**What this task involves:**
Repeat the listing exactly, line by line, and leave the pictures behind.

**Source material:**
-------

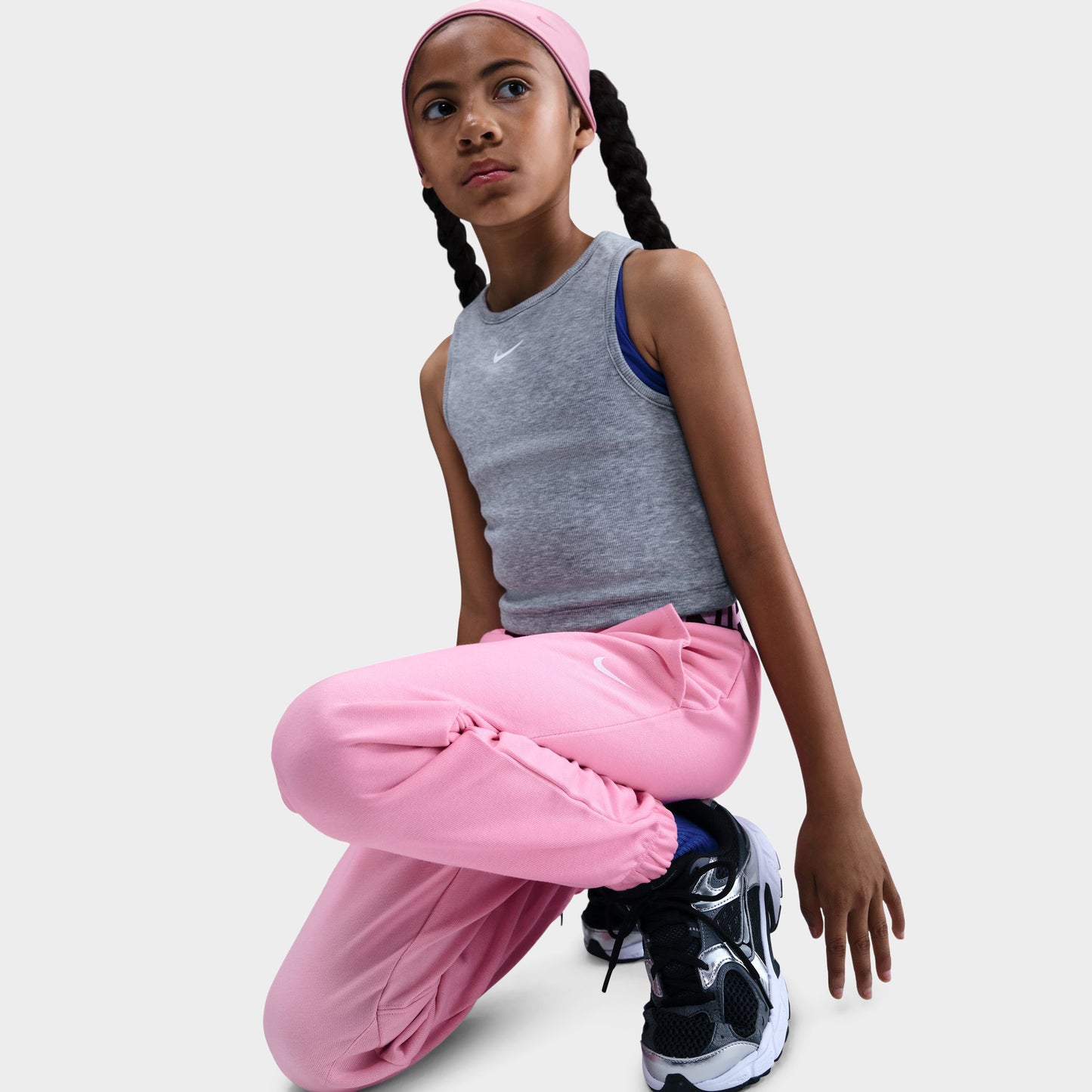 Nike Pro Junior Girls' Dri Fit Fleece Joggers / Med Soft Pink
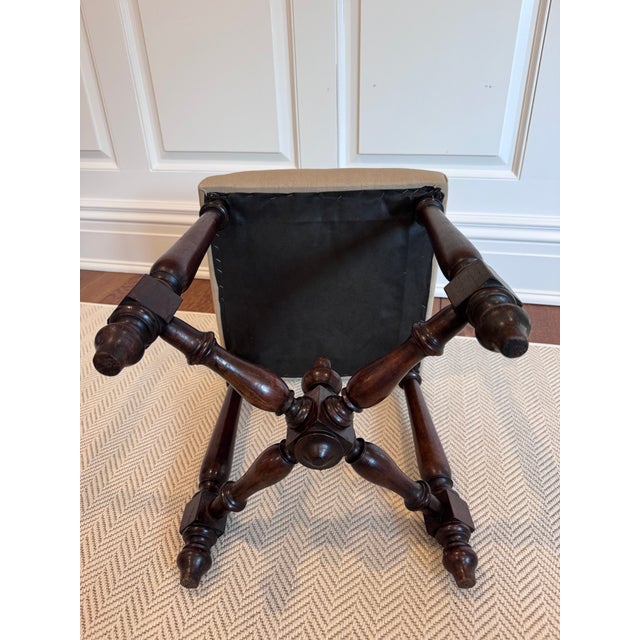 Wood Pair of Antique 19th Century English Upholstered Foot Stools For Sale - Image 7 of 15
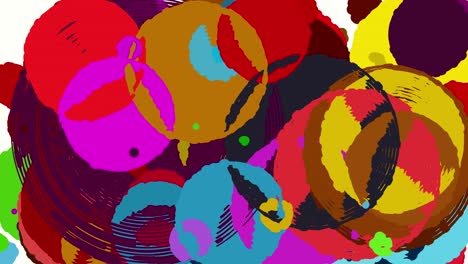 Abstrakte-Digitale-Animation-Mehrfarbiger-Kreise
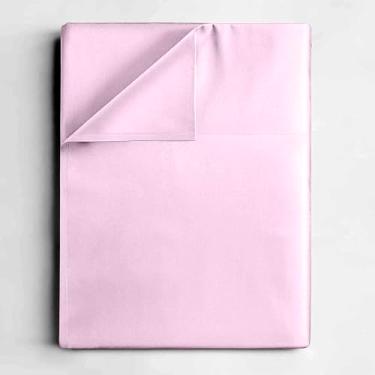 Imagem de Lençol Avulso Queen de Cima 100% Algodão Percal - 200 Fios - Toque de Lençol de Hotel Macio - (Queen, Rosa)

-------

**Solution for this problem:**
 Nike Pro Junior Girls' Dri Fit Fleece Joggers / Med Soft Pink
 Wood Pair of Antique 19th Century English Upholstered Foot Stools For Sale - Image 7 of 15
 Abstrakte-Digitale-Animation-Mehrfarbiger-Kreise
 Imagem de Lençol Avulso Queen de Cima 100% Algodão Percal - 200 Fios - Toque de Lençol de Hotel Macio - (Queen, Rosa)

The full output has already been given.